The affine candidate list is constructed by the steps of:

1) Inserting inherited affine candidates

Inherited affine candidates refer to: candidates are derived from affine motion models of blocks of their valid neighbor affine codecs. At most two inherited affine candidates are derived from affine motion models of neighboring blocks and inserted into the candidate list. For the left predictor, the scan order is { A0, A1}; for the upper predictor, the scan order is { B0, B1, B2}.

2) Insertion construction affine candidates

If the number of candidates in the affine candidate list is less than MaxNumAffineCand (e.g., 5), then the build affine candidate is inserted into the candidate list. Constructing affine candidates refers to: candidates are constructed by combining the neighbor motion information of each control point.

A) The motion information of the control point is first derived from the designated spatial and temporal neighbors shown in fig. 17. CPk (k=1, 2,3, 4) represents the kth control point. A0, A1, A2, B0, B1, B2, and B3 are spatial locations for predicting CPk (k=1, 2, 3); t is the time domain position used to predict CP 4.

Coordinates of CP1, CP2, CP3, and CP4 are (0, 0), (W, 0), (H, 0), and (W, H), respectively, where W and H are the width and height of the current block.

The motion information of each control point is obtained according to the following priority order:

For CP1, the check priority is B2- > B3- > A2. If B2 is available, then B2 is applicable. Otherwise, if B2 is not available, then B3 is used. If neither B2 nor B3 is available, then A2 is used. If all three candidates are not available, then motion information for CP1 cannot be obtained.
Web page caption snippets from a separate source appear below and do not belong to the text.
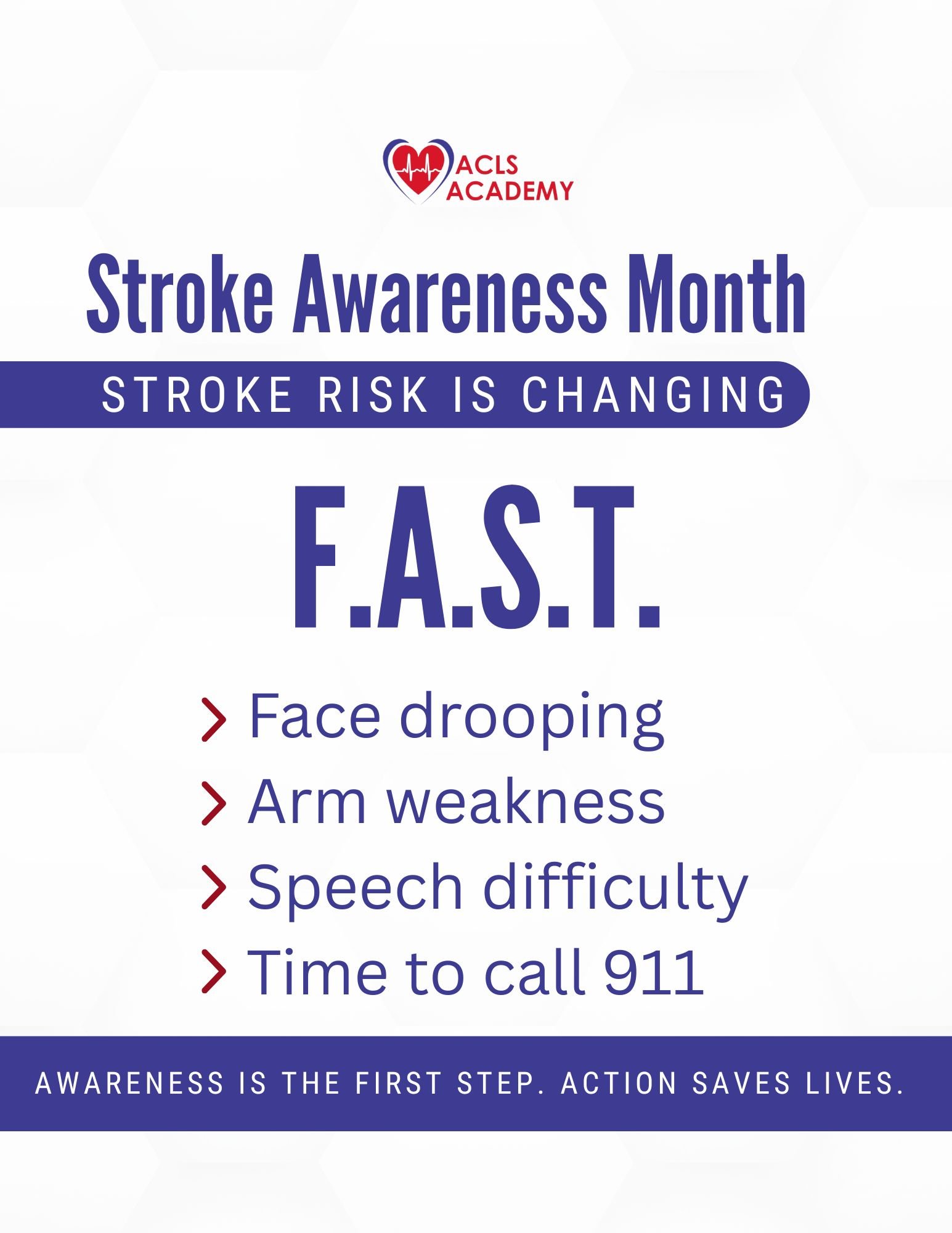 Stroke Awareness Month: Beyond Genetics and Age, What Is Increasing Your Risk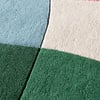 Tapis abstrait - Clarice Multicolore - thumbnail 3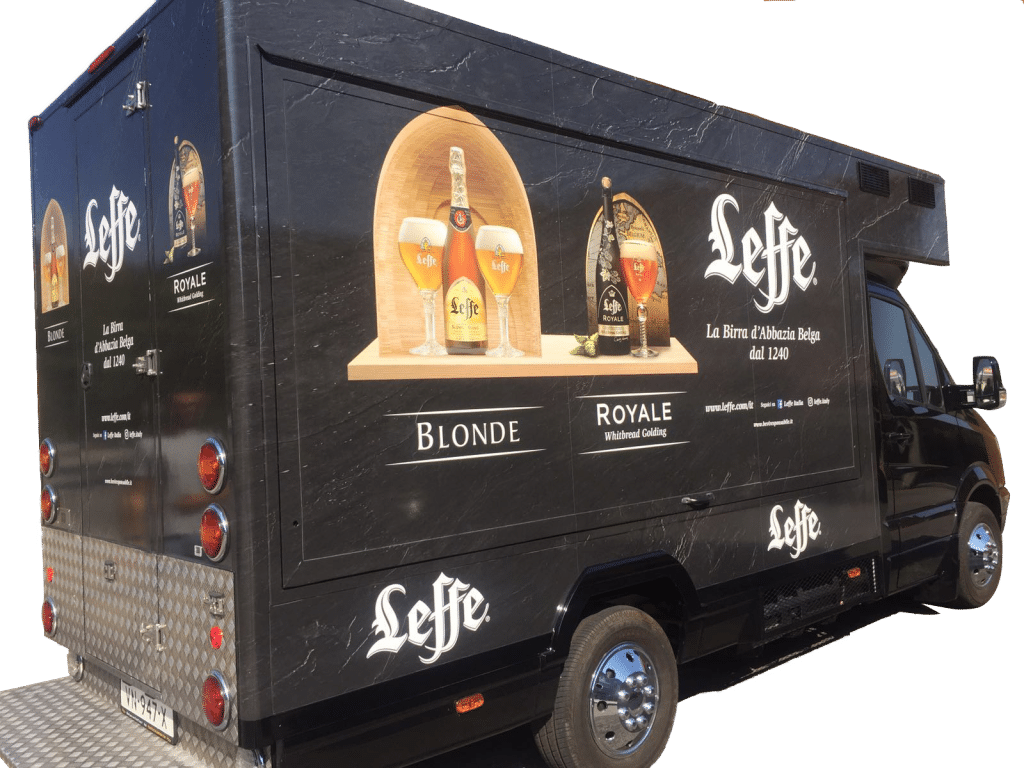 "Una birra con Leffe" a Taste of Roma 2016 - Sapori News 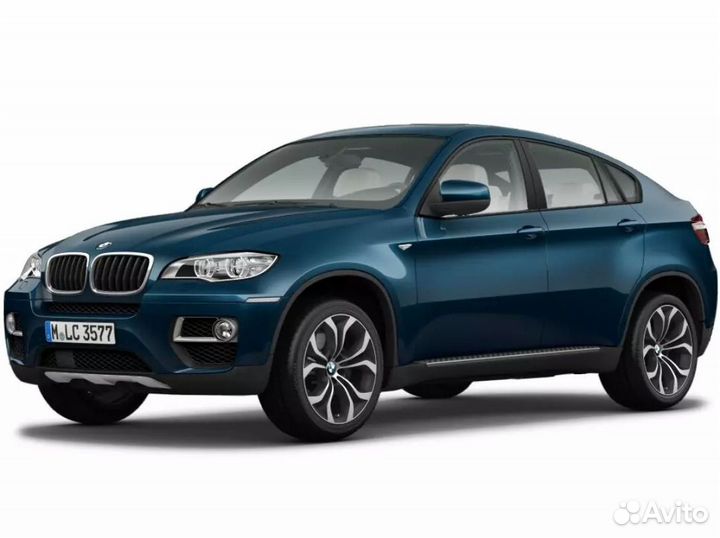 В разборе BMW X5/6 E70/71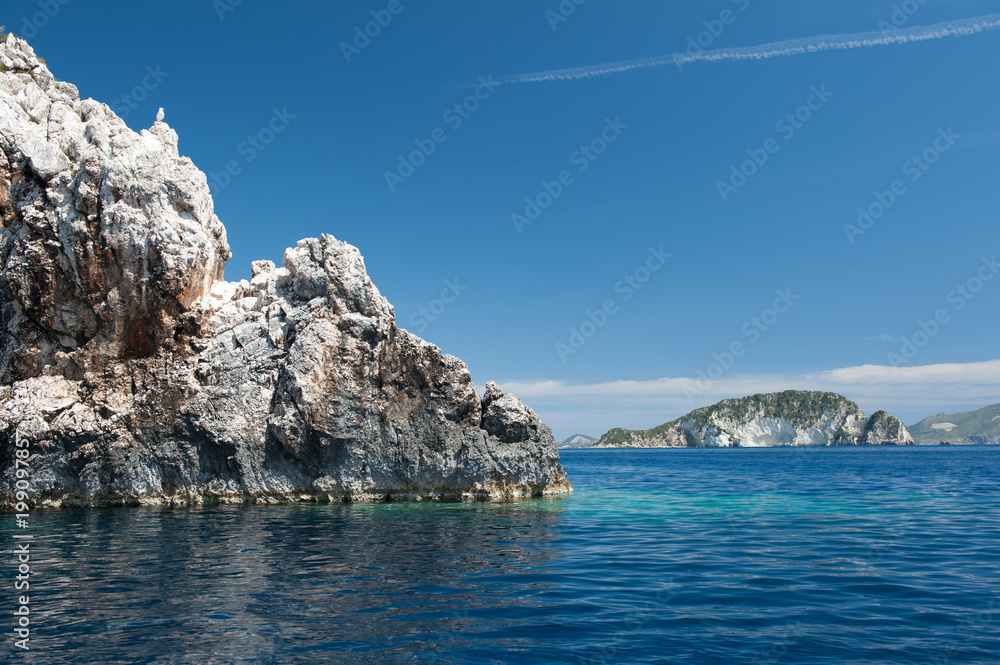 a view of marathonisi zakynthos a view of marathonisi zakynthos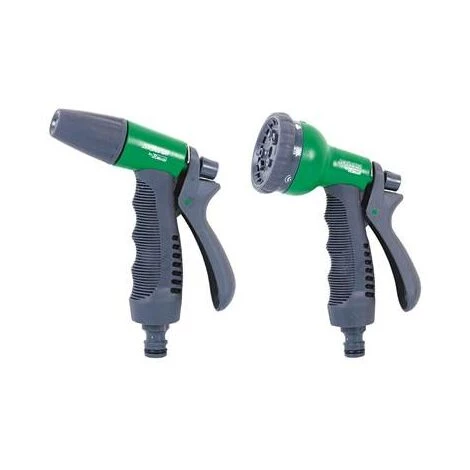 RIBIMEX Kit Arrosage Jardin 2 Pistolets Arrosage Simple Et Multijet 3 RIBIMEX Kit Arrosage Jardin 2 Pistolets Arrosage Simple Et Multijet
For CP2, the check priority is B1- > B0.

For CP3, the check priority is A1- > A0.

For CP4, T is used.

B) Second, affine candidate is constructed using a combination of control points.

I. Motion information of three control points is required to construct 6-parameter affine candidates. The three control points may be selected from one of four combinations ({ CP1, CP2, CP4}, { CP1, CP2, CP3}, { CP2, CP3, CP4}, { CP1, CP3, CP4 }). The combination CP1, CP2, CP3, { CP2, CP3, CP4}, { CP1, CP3, CP4} will be converted into a 6-parameter motion model represented by the upper left control point, the upper right control point and the lower left control point.

Motion information of two control points is needed to construct 4-parameter affine candidates. The two control points may be selected from one of two combinations ({ CP1, CP2}, { CP1, CP3 }). These two combinations will be converted into a 4-parameter motion model represented by the upper left control point and the upper right control point.

The combinations of constructed affine candidates are inserted into the candidate list in the following order: { CP1, CP2, CP3}, { CP1, CP2, CP4}, { CP1, CP3, CP4}, { CP2, CP3, CP4}, { CP1, CP2}, { CP1, CP3}, and }

I. For each combination, the reference index of list X for each CP is checked, and if they are all the same, this combination has a valid CPMV for list X. If the combination does not have a valid CPMV for both list 0 and list 1, then this combination is marked as invalid. Otherwise, it is valid and the CPMV is put into the sub-block merge list.

3) Filling with zero motion vectors

If the number of candidates in the affine candidate list is less than 5, then a zero motion vector with a zero reference index is inserted into the candidate list until the list is full.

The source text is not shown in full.